*** Given records Section Begins ***
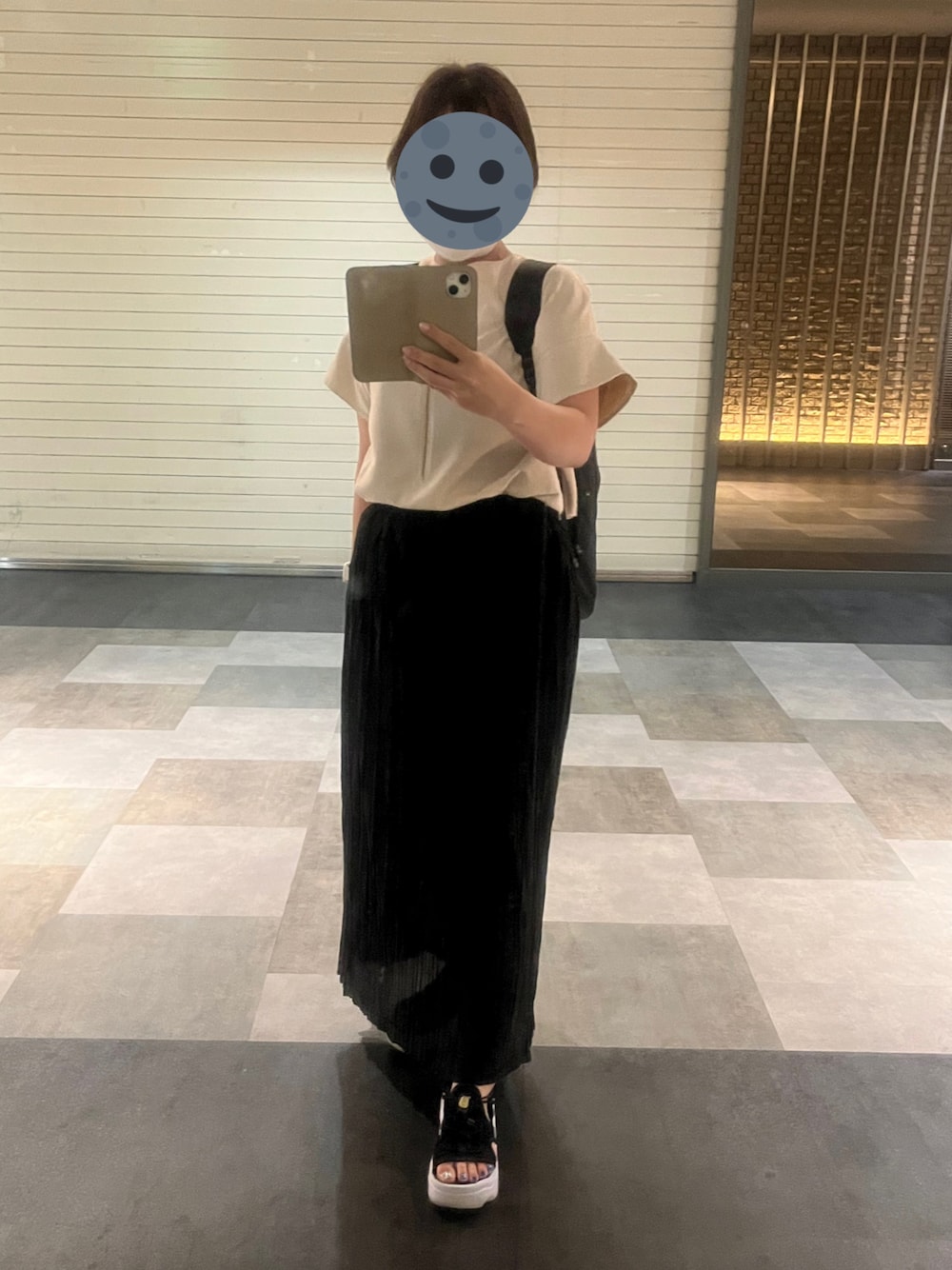 ベージュ系のシャツ/ブラウス、ブラック系のスカート、ブラック系のサンダルを着用したレディースの夏コーディネートの1枚目の写真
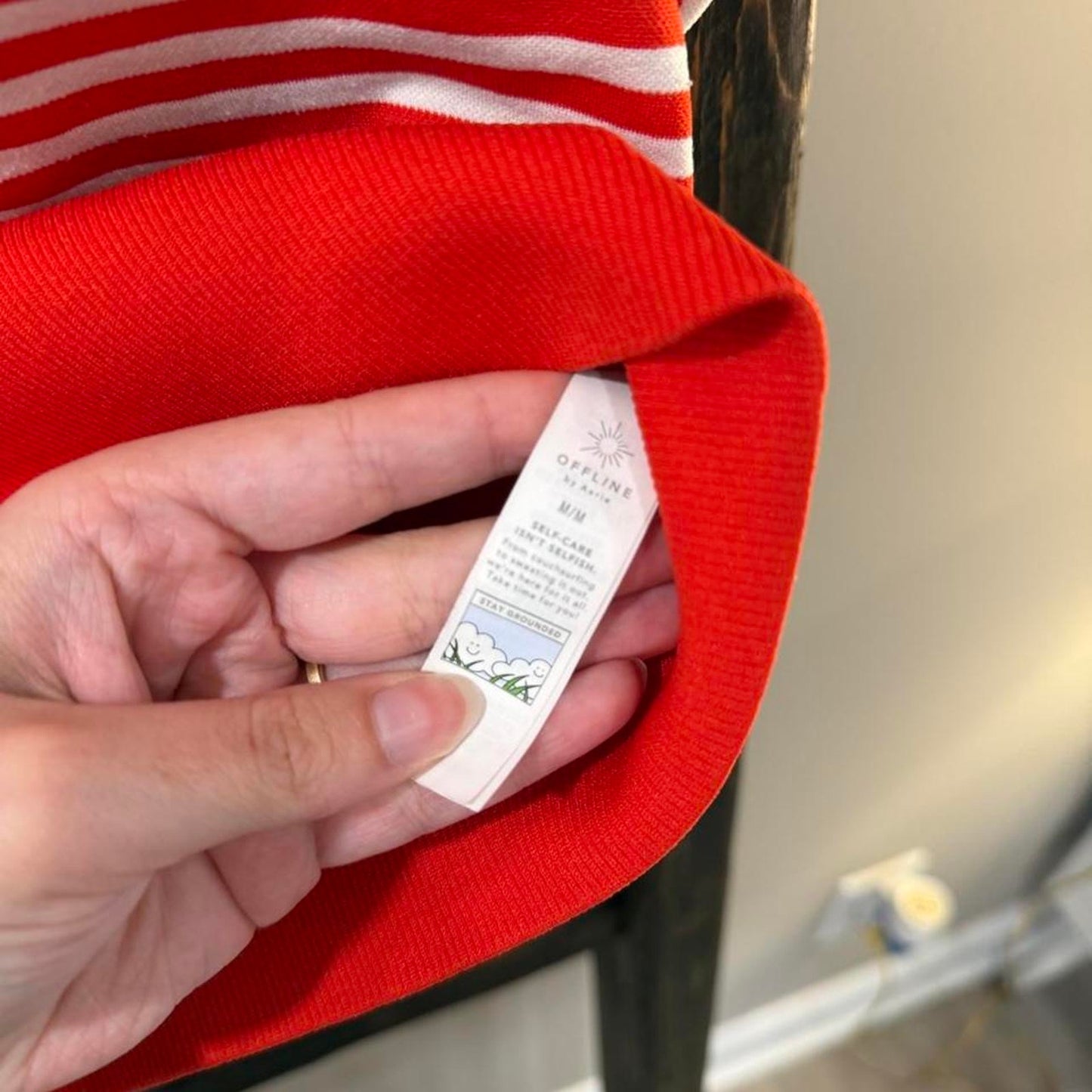 Size Medium Aerie Real Me Seamless Red & White Striped Top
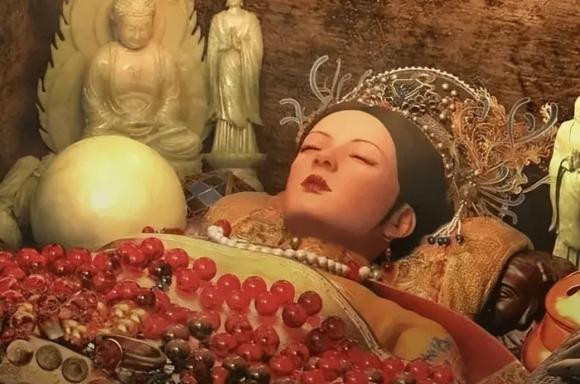 Vi sao con gai Khang Hy khi chet duoc mac long bao?-Hinh-2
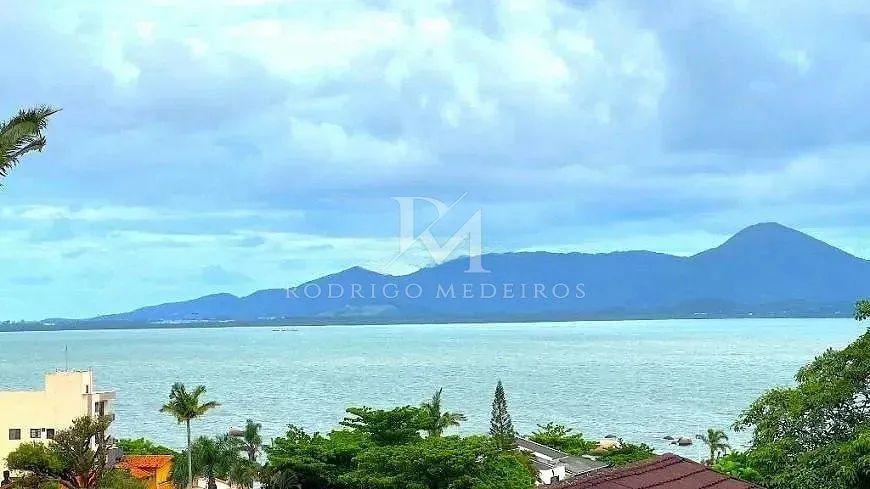 Casa com 4 quartos e piscina em Itaguaçu, Florianópolis - Foto 2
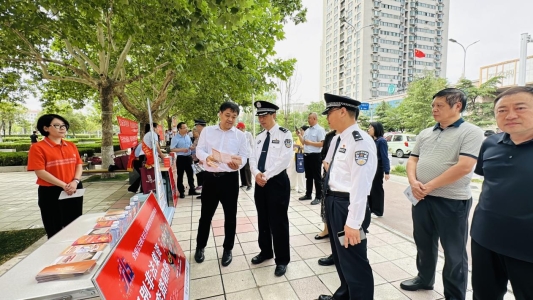 平安产险济宁中支公司积极开展打击和防范经济犯罪宣传活动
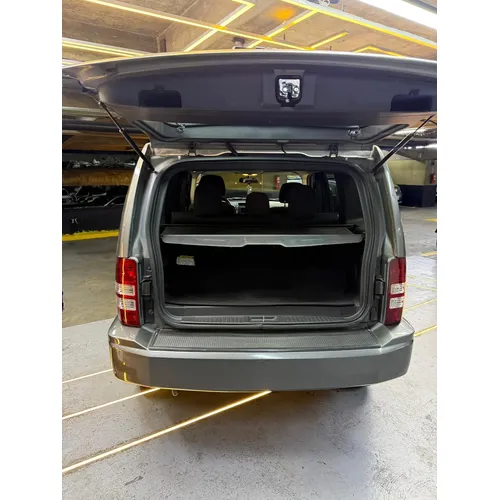 Jeep Cherokee kk 2011 Gris Caracas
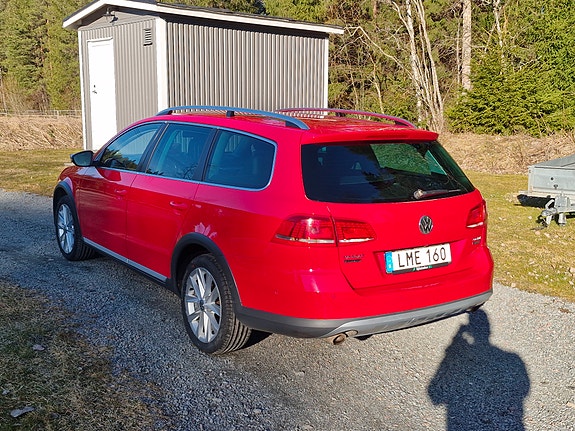 Volkswagen Passat Alltrack 2 of 3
*** Given records Section Ends ***
_Problem details_. Starting at the line that contains "Casa com 4 quartos", reproduce every line through the last one in the records exactly, and omit all pictures.

_Written response_.
 Casa com 4 quartos e piscina em Itaguaçu, Florianópolis - Foto 2
 平安产险济宁中支公司积极开展打击和防范经济犯罪宣传活动
 Jeep Cherokee kk 2011 Gris Caracas
 Volkswagen Passat Alltrack 2 of 3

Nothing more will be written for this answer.